▸ **Problem to work on**
When you transcribe the lines below, keep every word the same and leave the pictures behind.

▸ **Supplied data**
--------

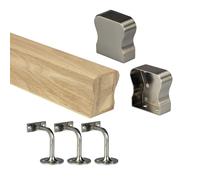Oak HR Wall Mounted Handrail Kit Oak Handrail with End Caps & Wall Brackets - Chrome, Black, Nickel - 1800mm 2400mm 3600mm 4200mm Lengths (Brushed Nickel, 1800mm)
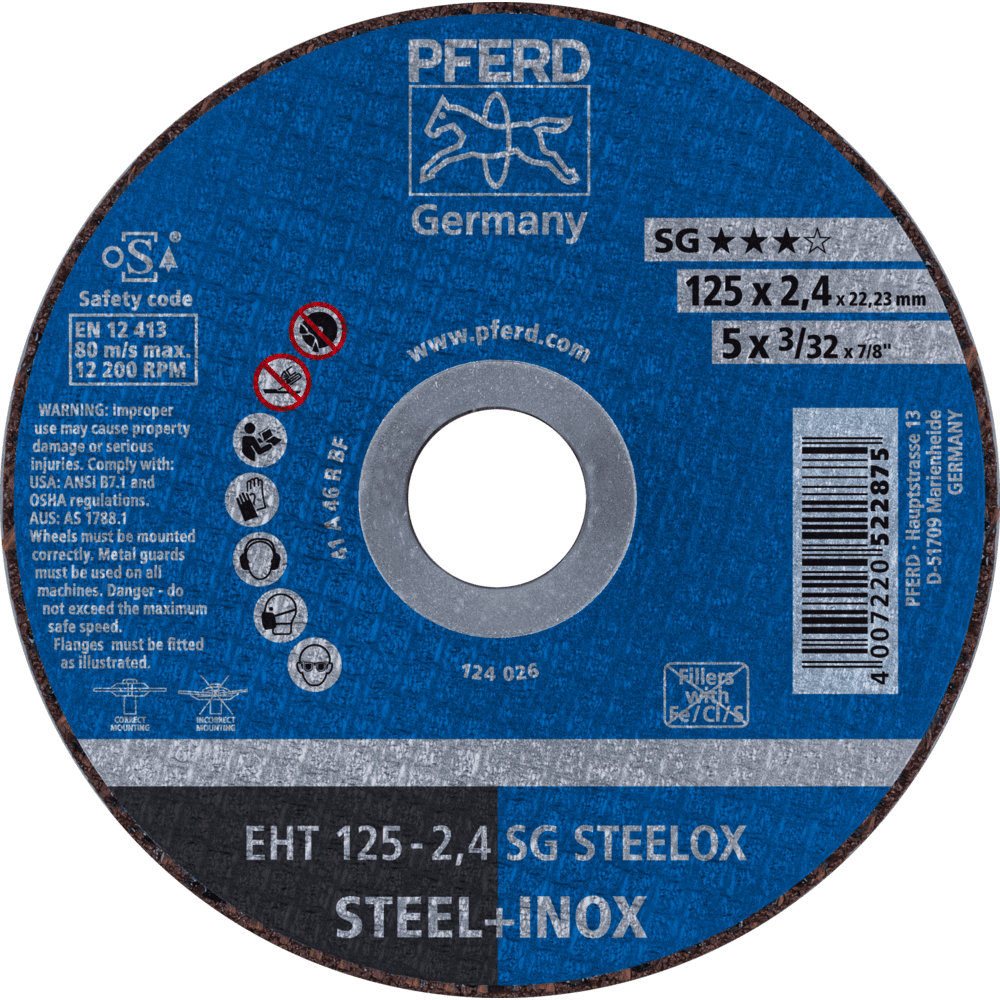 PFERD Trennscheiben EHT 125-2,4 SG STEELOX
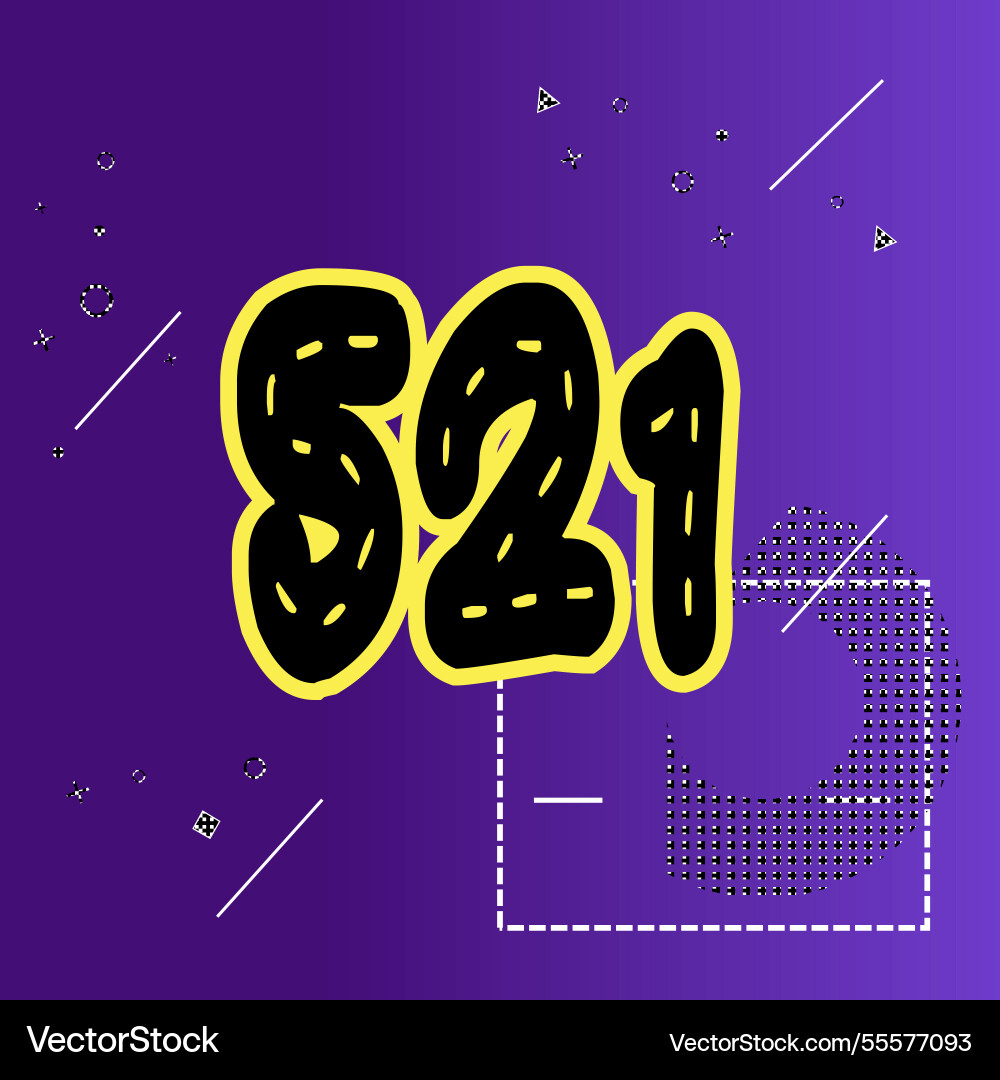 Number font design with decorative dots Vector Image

--------

▸ **Expected answer**
Oak HR Wall Mounted Handrail Kit Oak Handrail with End Caps & Wall Brackets - Chrome, Black, Nickel - 1800mm 2400mm 3600mm 4200mm Lengths (Brushed Nickel, 1800mm)
 PFERD Trennscheiben EHT 125-2,4 SG STEELOX
 Number font design with decorative dots Vector Image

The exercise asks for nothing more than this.